▶ [Description of the task]
Please set down the data word for word; images do not go in the copy.

▶ [Provided data]
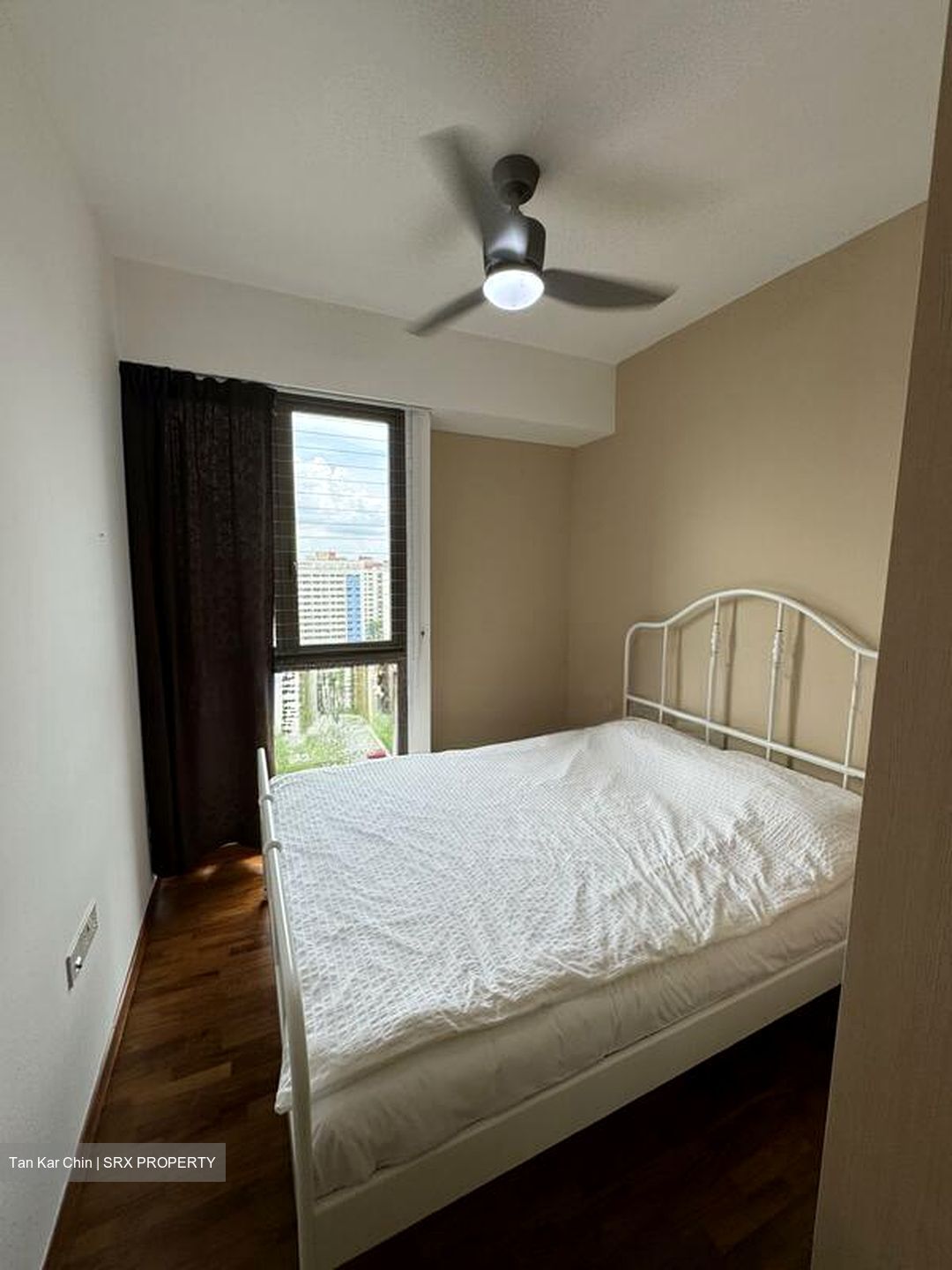 Parc Vera (D19), Condominium #565337271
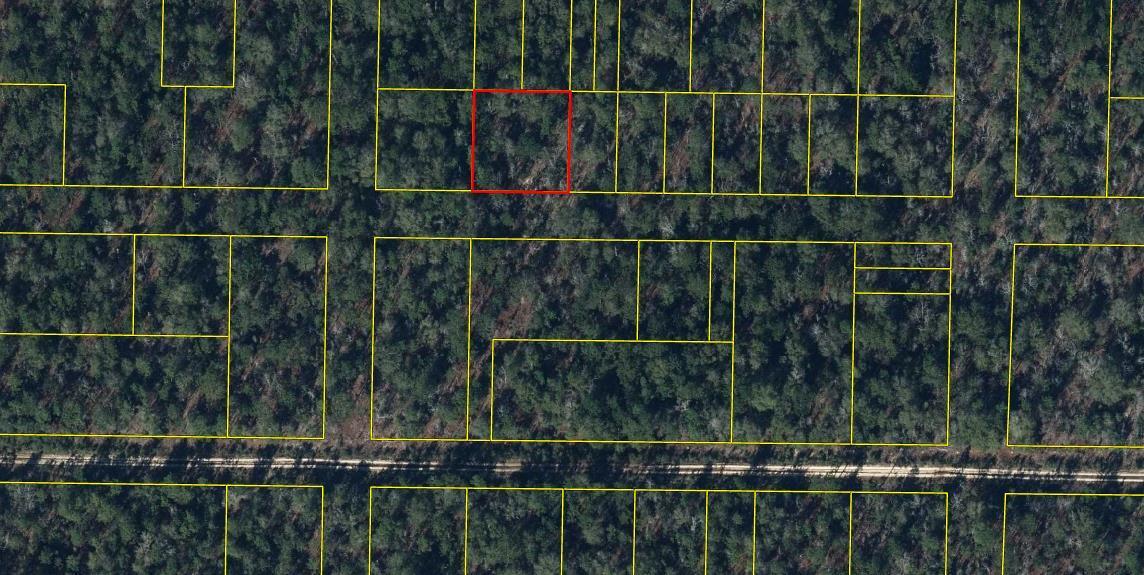 COUNTRY CLUB HEIGHTS NORTHWEST - Land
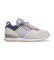 Comprar Pepe Jeans Sapatilhas cinzentas London Bet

▶ [Result]
 Parc Vera (D19), Condominium #565337271
 COUNTRY CLUB HEIGHTS NORTHWEST - Land
 Comprar Pepe Jeans Sapatilhas cinzentas London Bet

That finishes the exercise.